Background
On every large, commercial Java project I've worked on, I come across numerous usages of Pattern.compile(...)
even in code segments which are re-used many times, e.g.
public String rewriteUrlWhichIsDoneABajillionTimes(final String requestedUrl) {
Matcher m = Pattern.compile("^/([^/]+)\\.html$").matcher(requestedUrl);
if (!m.matches()) {
return null;
}
// Do processing here
...
}
For every project on which I found things like this, I told at least one person whom I was working with that Pattern.compile(...)
is very slow and is not cached but that the java.util.regex.Pattern class is thread-safe and so it can be safely re-used, and each time they informed me that they did not know these things.
Potential solutions
Correct future usage of the API
One "solution" could be to (try to) force people to read the Java standard library documentation and to use the standard library "correctly", but prescriptive methods often to not work so well.

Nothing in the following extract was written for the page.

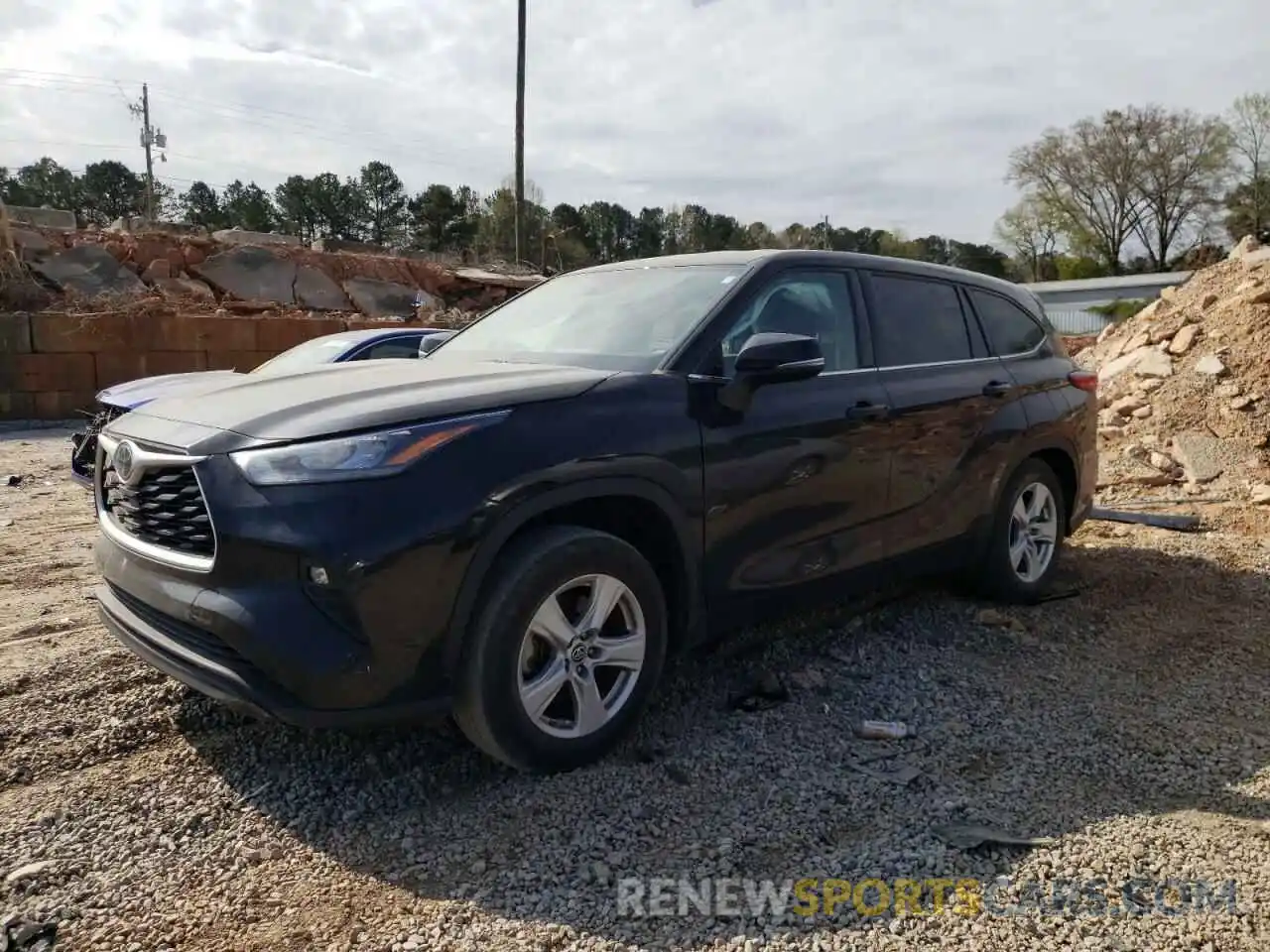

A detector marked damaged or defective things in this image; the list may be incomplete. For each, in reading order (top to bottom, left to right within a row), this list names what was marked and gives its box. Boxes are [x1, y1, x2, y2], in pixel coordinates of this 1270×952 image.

Correct past usage of the API
Alternatively (or complementarily), it would be possible to "clean up" any bad usages of Pattern.compile(...)
wherever they are found, but this is likely to be a never-ending task, since (according to my experience) people will continue to use Pattern.compile(...)
incorrectly over and over again...
Correct the API
So why not then simply change the Pattern.compile(...)
method so that it pools objects and returns the same instance for equivalent input?-- this would instantaneously apply a fix to possibly billions of lines of code around the world (as long as the respective code is run using a JRE which includes the change). The only possible downside I can imagine is that the software would have a larger memory footprint... but given how much memory most computers have these days, I doubt that this will cause problems anywhere other than in edge cases. On the other hand, a huge number of programs will likely run much faster. So why didn't/doesn't Oracle implement an object pool for Pattern
similarly to how they did for strings or for primitives?